RIDING TO A RECORD
Set a new race record when the crew covered 602 miles through the north atlantic in 24 hours. navigator jules salter tells how they did it
Ten years ago, in the stormy South Atlantic en route to Cape Town from Alicante, the VO70 Ericsson 4 hitched a breakneck ride on a fast-moving low pressure system to set a 24-hour record distance for the round the world race.
On that opening leg of the 2008-09 Volvo Ocean Race the Ericsson 4 crew, led by Brazilian skipper Torben Grael and guided by British navigator Jules Salter, touched speeds of 30-plus knots and clocked up 593.23 miles – tantalizingly close to the 600-mile threshold – before being forced to slow after a rudder strike threatened to sink the boat.
Ericsson 4’s record remained intact during the next edition.

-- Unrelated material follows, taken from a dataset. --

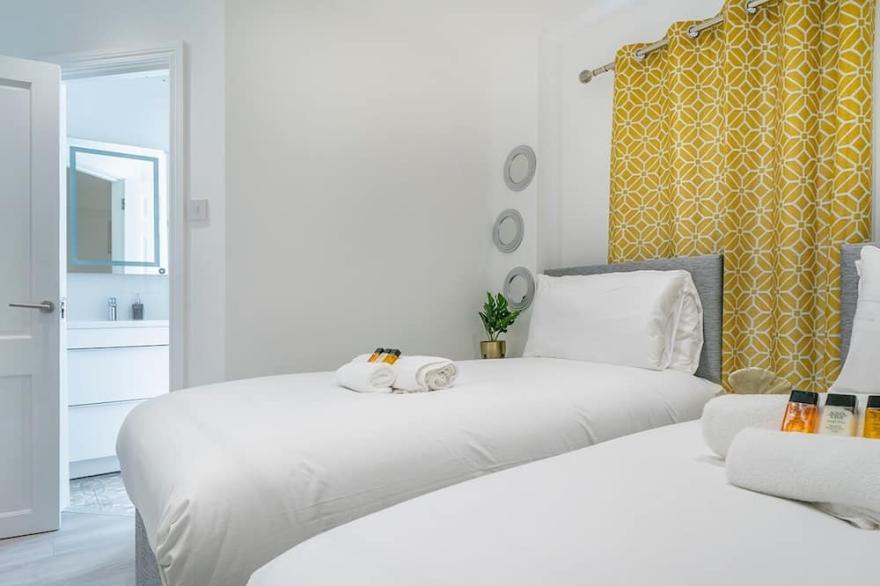 Pass the Keys | Bright & Airy 2BR/2 Bath Apt in Perfect Location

Then when the smaller and ostensibly slower VO65 class was introduced for 2015, many believed that remarkable run was unlikely to ever be bettered.
Fast-forward to May 2018. This time in the North Atlantic, on Leg 9 from Newport to Cardiff, as a nine-strong crew on the Akzonobel VO65 put in a rampaging 24-hour run that shattered the Ericsson 4 record and established a new benchmark distance of 602.51 miles.
The man at the nav station on board the Dutch-flagged boat this year was once again Jules Salter. How did it feel to break his own record after ten years?
“It’s not a very nice feeling when someone breaks your record. So it’s pleasing to get the chance to be the one doing it. This transatlantic leg is a real favourite of mine as it’s one of the oldest sea routes in the world and generally you know you are in for some fast sailing. There was quite a lot of anticipation and I knew everyone on board was really up for it.”